Jesesi Mungoshi (also Jesese Mungoshi) is a Zimbabwean actress. She made her debut appearance in 1989, in the film titled, African Journey.

==Career==
In an early appearance, Mungoshi was featured in the 1989 version and the subsequent 1990 two-part of George Bloomfield's television family film, African Journey, which also starred: Jason Blicker, Katja Blomquist, Allan Jordan, Ulla Mahaka and others.

In 1991, she was featured in Godwin Mawuru's film titled, Neria, in which she played the lead role of "Neria". Other cast members include Dominic Kanaveli and Violet Ndlovu amongst others.

Also, she was featured in the 1993 short film by Farai Sevenzo titled, Rwendo, starring Yemi Goodman Ajibade, Ben Daniels, Eldinah Tshatedi and Frank Windsor.

In 2017, she made an appearance in the comedy-romance film, Cook Off, directed by Tomas Brickhill, in which she played a leading role as "Gogo". The film, being the first produced in Zimbabwe after the long regime of Robert Mugabe, was premiered in The UK on 27 July 2019.

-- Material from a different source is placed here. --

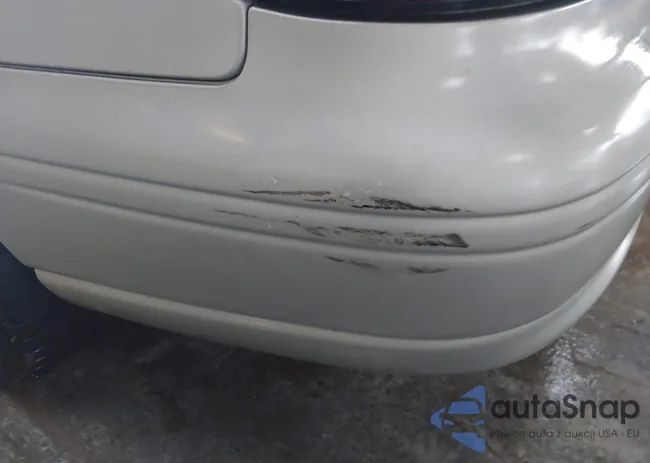 1G2WJ52J5YF172354: 43166786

In recognition of her contributions to the Zimbabwean film industry, she was honoured with a Lifetime Achievement Award by the Great Zimbabwe University in May 2017 in Masvingo.

The 2020 film, Shaina, in which she alongside other Zimbabwean cast like: Marian Kunonga, Charmaine Mujeri and others were featured, received much praise abroad.

==Filmography==

| Year | Film | Role | Notes | Ref. |
|---|---|---|---|---|
| 2020 | Shaina | Actress (Ambuya) |  |  |
| 2019 | Familiar | Actress | Play |  |
| 2017 | Cook Off | Actress (Gogo) | Comedy, Romance |  |
| 1993 | Rwendo | Actress | Short film, Drama |  |
| 1991 | Neria | Actress (Neria) | Drama |  |
| 1989 and 1990 | African Journey | Actress (Themba) | TV movie, Family |  |

==Accolades==

| Year | Event/Issuer | Prize | Recipient | Result |
|---|---|---|---|---|
| 2017 | GZU | Lifetime Achievement Award | Herself | Won |

==Personal life==
She was married to Zimbabwean writer, actor and poet, Charles Mungoshi, who, according to The Zimbabwe Mail and This is Africa reporters, died on 16 February 2019 in Harare, Zimbabwe after a 10-year long illness at 71. They had five children: Farai, Graham, Nyasha, Charles, and Tsitsi, and at the time of his death they had seven grandchildren. The couple alongside their son, Farai were all into filmmaking.